A Montpellier la BD rejoue la Comédie

Et si la Comédie du Livre de Montpellier s’imposait comme le premier rendez-vous régional de la BD? C’est un retour en force que va y faire le Neuvième Art, de vendredi 1er juin et jusqu’à dimanche 3 juin, après divers trous d’air.

Les bulles et les cases retrouvent droit de cité non seulement grâce à la perspicacité et la sagacité des libraires spécialisés mais aussi à leur côté incontournable dans l’univers commercial du livre et de l’édition. Enfin, l’implication d’un Grand Prix d’Angoulême, en la personne du Montpelliérain Lewis Trondheim, présent sur la Comédie, n’est pas non plus étrangère à ce renouveau. 

Une soixantaine d’auteurs seront donc en rencontres et en dédicaces sous les platanes de l’Esplanade. Il y en aura pour tous les goûts, de l’aventure à l’humour, du manga au fantastique. Romans graphiques, jeunes talents, BD jeunesse, grands noms; Azimuts, Sauramps, Album, Gibert ou Ikoku, le choix des libraires a été volontariste et intelligent.

medium_BDBILAL_LIVRE07_011.jpg

On retiendra en particulier Anne Simon (notre photo avec à ses côtés Emile Bravo)  qui, avec son album les Petites Prouesses de Clara Pilpoile, chez Dargaud, aventures rocambolesques d’une écrivain public amoureuse d’un roi de la F1, est l’une des découvertes de l’année. « Chaque planche devait se suffire à elle-même. Et la vie de Clara n’est pas une autobiographie. J’ai glané des anecdotes. C’est une fille de son époque mais je n’aurai pas vraiment aimé lui ressembler», confiait récemment Anne Simon..

Et puis, il y aura aussi Jacques Ferrandez pour le tome 9 de ses Carnets d’Orient, chez Casterman, chronique de la présence française en Algérie. Franck Bourgeron, habitué de la Comédie, sera lui présent avec son adaptation tout à fait réussie et poignante de Pierre Loti, Aziyadé chez Futuropolis. Matthieu Lauffray pour Long John Silver (Dargaud) pourra raconter comment, avec Dorison au scénario, ils ont finalement donné une suite remarquée à l’Île au Trésor. Olivier Berlion, avec Tony Corso détective atypique, rencontrera Krassinsky et son émouvant Singe qui aimait les fleurs sur le même stand.

On peut dire encore qu’Émile Bravo qui a illustré Ma maman est en Amérique, sera aux côtés de Jim, Igort, Eric Corbeyran ou l’ex-Nîmois David Sala dont la série chez Delcourt, Nicolas Eymerich inquisiteur , s’est imposée. Un clin d’œil encore à un dessinateur flamboyant, fou de Lautrec, Gradimir Smudja. Son Bordel des Muses (Delcourt) est une ode à l’impressionnisme bourrée de talent et d’humour. Tronchet, Lapeyre, Nhieu, Gaston et Fenech entre autres pour les régionaux, c’est vraiment la plus belle affiche que la Comédie pouvait proposer. La BD fête son retour en fanfare sur la Comédie. Cela lui était dû.

Des records et un constat

La BD fait des envieux chez les éditeurs de littérature. En 2006, 124 albums dont 40 mangas ont été tirés à plus de 50000 exemplaires et 44 ont dépassé les 100000. Et il y a les stars avec Titeuf et ses 2 millions pour le dernier album, Astérix, 3 millions, ou, parmi les meilleures ventes toutes catégories, le dernier Bilal.

Ce que la plupart des classements officiels se gardent de préciser en ne mélangeant pas les chiffres de vente BD et littérature.
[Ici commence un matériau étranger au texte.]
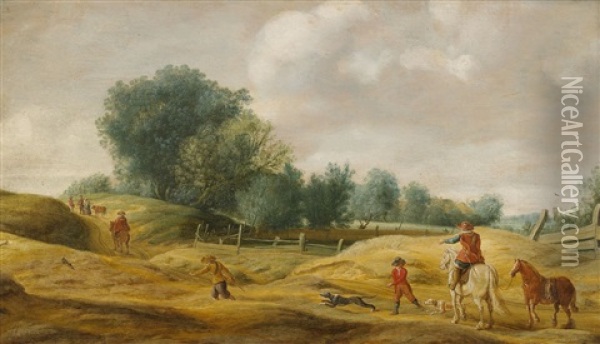 Landskap Med Bonder Som Jagar Harar Oil Painting - Salomon van Ruysdael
Comme le disait dernièrement un mensuel spécialisé c'est au moins la garantie que le milieu de la BD restera encore convivial et n'ait pas de grosse tête comme en litérature avec ces auteurs branchés qui font le tour des plateaux télés en étant parfois ridicules. Si on y ajoute que la BD touche à tous les genres, cinéma compris avec par exemple le prix du Jury à Cannes pour le fim de Satrapi la BD ne pourra pas rseter encore longtemps le parent pauvre du livre.  4130 titres ont été publiés en 2006.

24/05/2007

A Sérignan Dany présidera un festival grand public

Un président qui a su avec malice et talent toucher à tous les styles, un président qui a un faible pour les belles héroïnes, en choisissant Dany pour présider son édition 2007, le festival héraultais de Sérignan, qui se tiendra ce week-end de Pentecôte, a fait le choix d'un auteur qui manie charme, aventures et humour.

C'est avec un couple devenu mythique, la douce Colombe et son fiancé Olivier Rameau que Dany a eu son premier succès. Clin d'oeil très personnel à Lewis Caroll ou au Magicien d'Oz, cette série qui avait pour cadre le monde enchanté de Rêverose a séduit en onze albums plusieurs générations de lecteurs jusqu'en 1987.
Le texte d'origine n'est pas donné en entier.